The situation in the Middle East today is alarming.
But when Nelson joined the military, the whole world was alarming.
Japan was a formidable enemy, and a clever one.
All Europe and the entire Soviet Union was melting down into an armed struggle. Our allies were endangered everywhere. The horrors perpetrated by aggressors were mythic in scale.
Hitler’s atrocities weren’t fully known, but he was already talking about the possible annihilation of the entire Jewish race, and as insane as that proposition must have sounded, Hitler had the wherewithal to do it.
And what Japan was reported to have done upon invading the Chinese capitol of Nanking put Rwanda’s genocide in the shade. The numbers are highly disputed, but most historians, Japanese and otherwise, put the number of massacred at 200,000 at least, and often with swords.
Almost every country in the world with a significant military force was at war. It must have seemed like Armageddon to some. How could it not? It was the most apocalyptic time the world has ever faced, and for those informed by the Christian tradition, the savagery and sheer insanity of the treatment of Jews must have added a frightening religious overtone.
Another thing that struck me as I reviewed the history of Pearl Harbor was the complexity of the political situation, and the Japanese reasoning for the attack.
The U.S. cut off most of the oil going to Japan. They needed oil. Where to get it? The Dutch Indies. But that would require seizing the Indies, and that was likely to start a war with the U.S.
The U.S. also stood in the way of a future invasion of the Philippines, and eventually, conquest of much of the Far East. What to do? Make sure the U.S. would stay out of the Pacific. The best way to do that?
Disable the Navy, demoralize the country.
They might have pulled it off, had they carried out the planned third wave that they aborted, or had more of the Navy’s ships been at anchor that day. As it was, the Pacific Fleet was horribly decimated.
Yet David Nelson and the America of those days managed, with the remainder of the fleet, to fight – and with their allies, to win – a worldwide war.
They did it at a ghastly price.
Sometimes I get a little put off by Veterans Day. I think it’s because I’ve dwelt on war a lot in my life, and have read a lot of books by veterans, the most recent “The Things They Carried.”

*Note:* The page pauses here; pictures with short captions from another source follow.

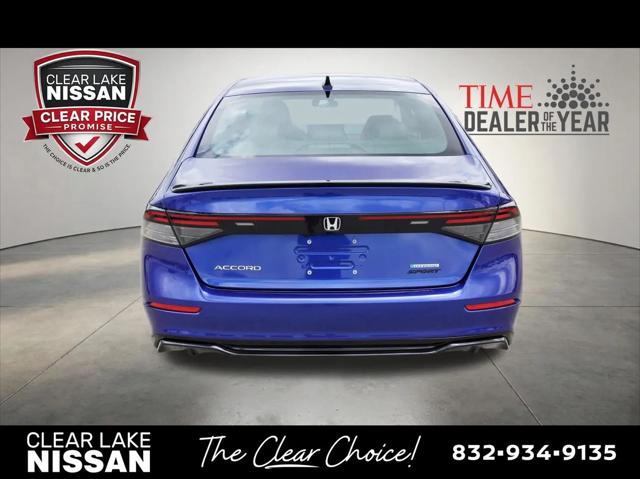 2024 Honda Accord Hybrid Sport-L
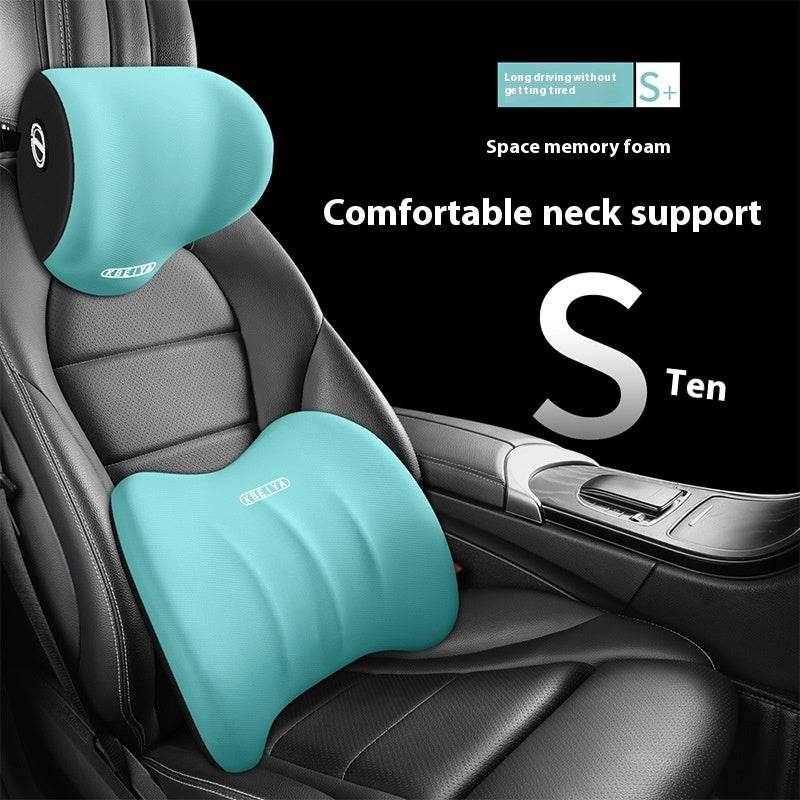 Car Memory Foam Car Neck Pillow - Mubimart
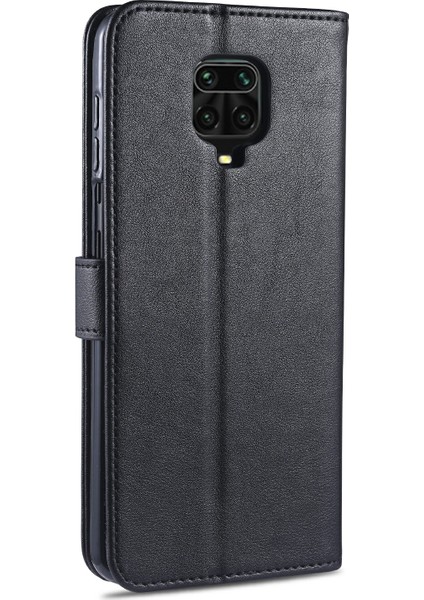 Xiaomi Redmi Note 9s-Siyah Için Deri Şık Telefon Kılıfı (Yurt Dışından) modelleri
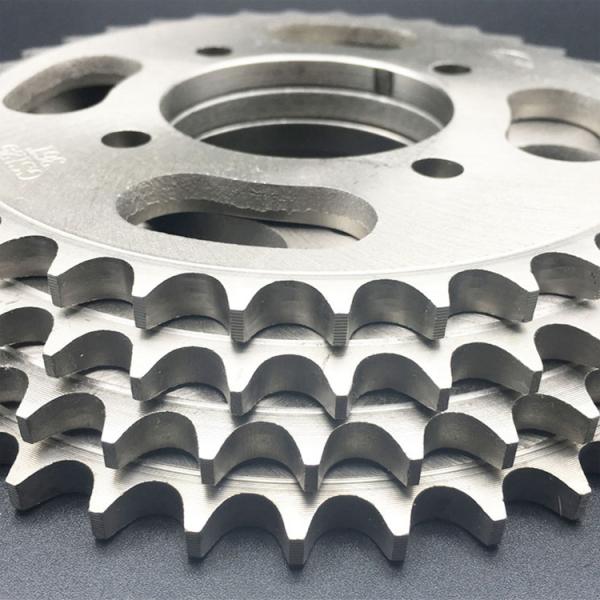 36T 38T 40T 42T Rear Sprocket for Motorcycle Natural or Customizable Teeth Selection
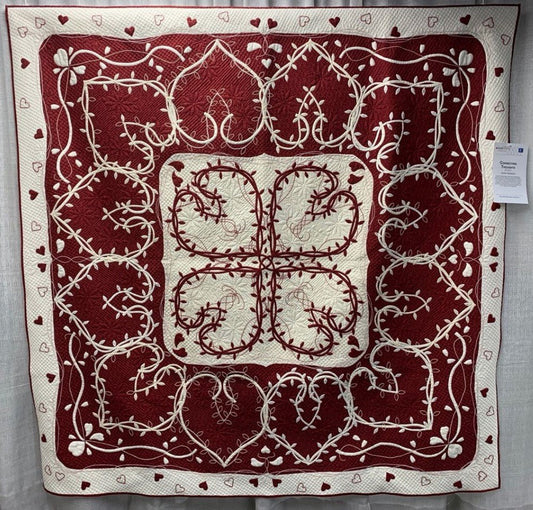 Heart CLDY180624015 Quilt Blanket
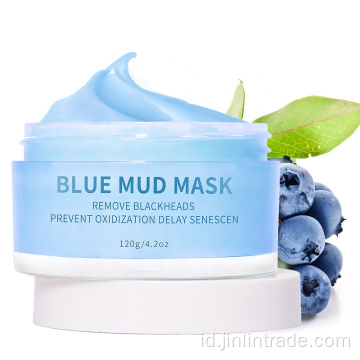 Hydrating organik vegan wajah masker wajah clay masker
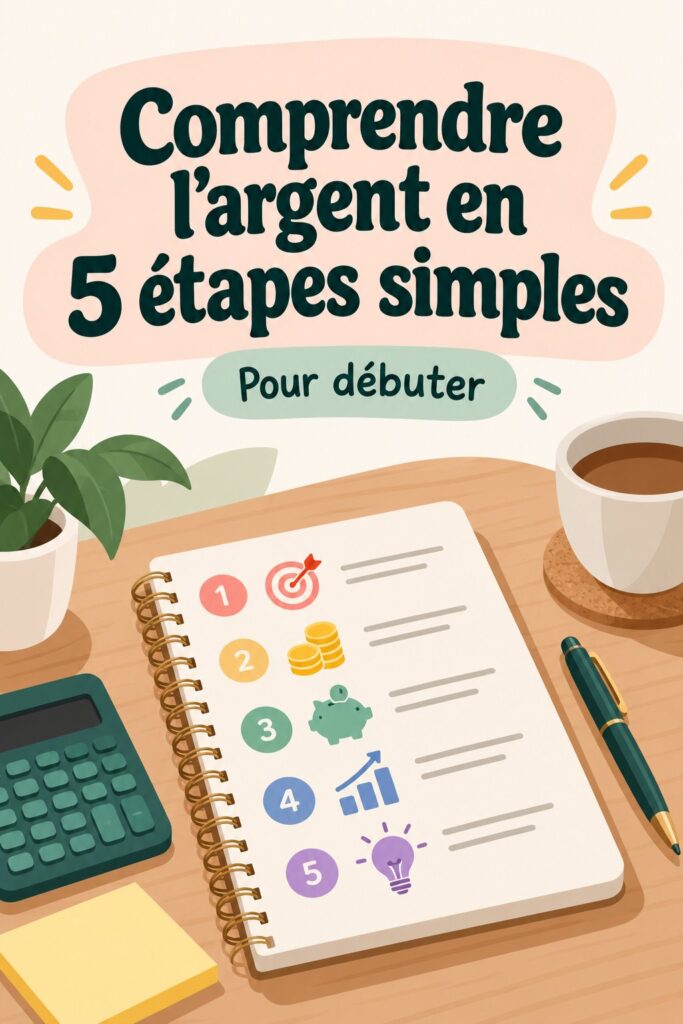 Femme réfléchissant à son budget personnel avec des documents financiers.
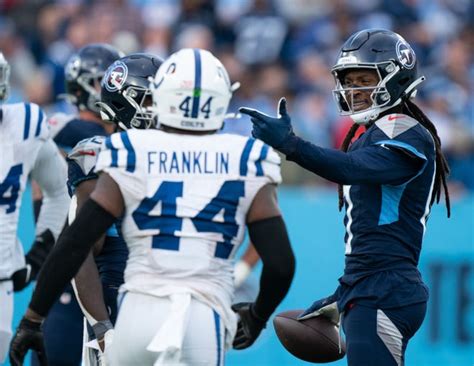 Deandre Hopkins Tennessee Titans Receiver Through The Years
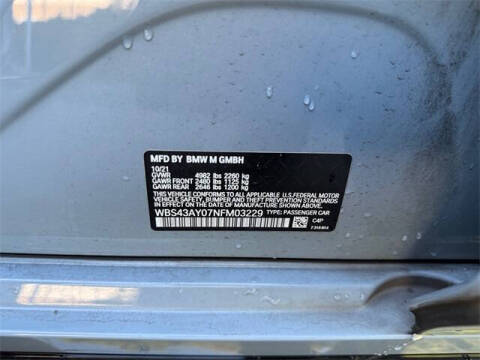 2022 BMW M3 Competition xDrive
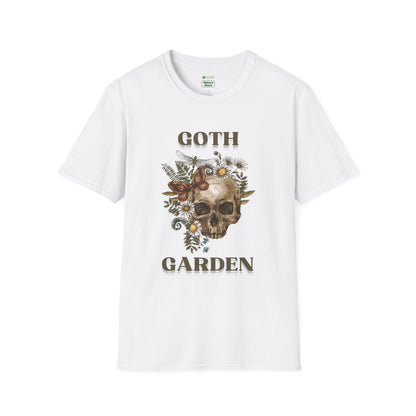 T-Shirt Unisex Softstyle, Goth Garden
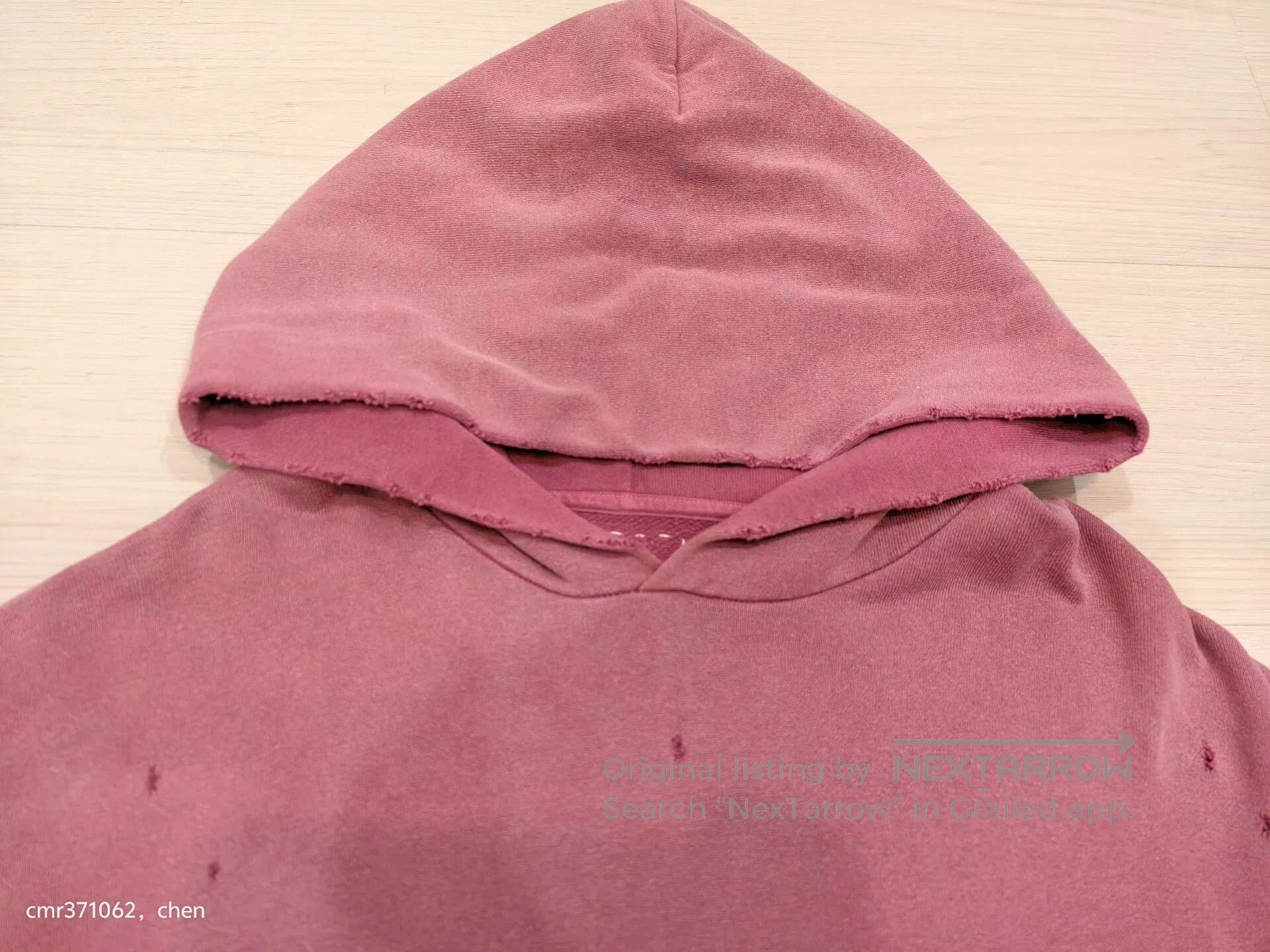 Visvim visvim 21AW Jumbo Hoodie P.O Crash. Size US M / EU 48-50 / 2 - 2 Thumbnail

Veterans Day and the other war remembrance days sometimes seem a bit like a lot of war movies, Ron Howard’s Pearl Harbor in particular; sanitized and set to music, romanticized.
It comes from a good place, a real desire to heroize people who have endured a lot for the country. But when I think of what veterans like Nelson have done and where they’ve been, I don’t necessarily think of fearlessness in the face of death, or heroic and selfless acts in battle.
I think of horror. I think of what war veterans have seen, and what they know about humans that most of us don’t know.
I think of what David Nelson and thousands of other Pearl Harbor survivors have had to process mentally in the years since that day. What they saw in the water. What they saw on nearby ships.
Yet David Nelson went on to a career in the military, even after going through one of the most traumatic events any American has ever faced.
On Pearl Harbor Day, it seems like a good day to not only honor veterans like David Nelson, but all Americans who rallied from that staggering blow and kept the country together.
David Nelson, and the Great Generation, thank you.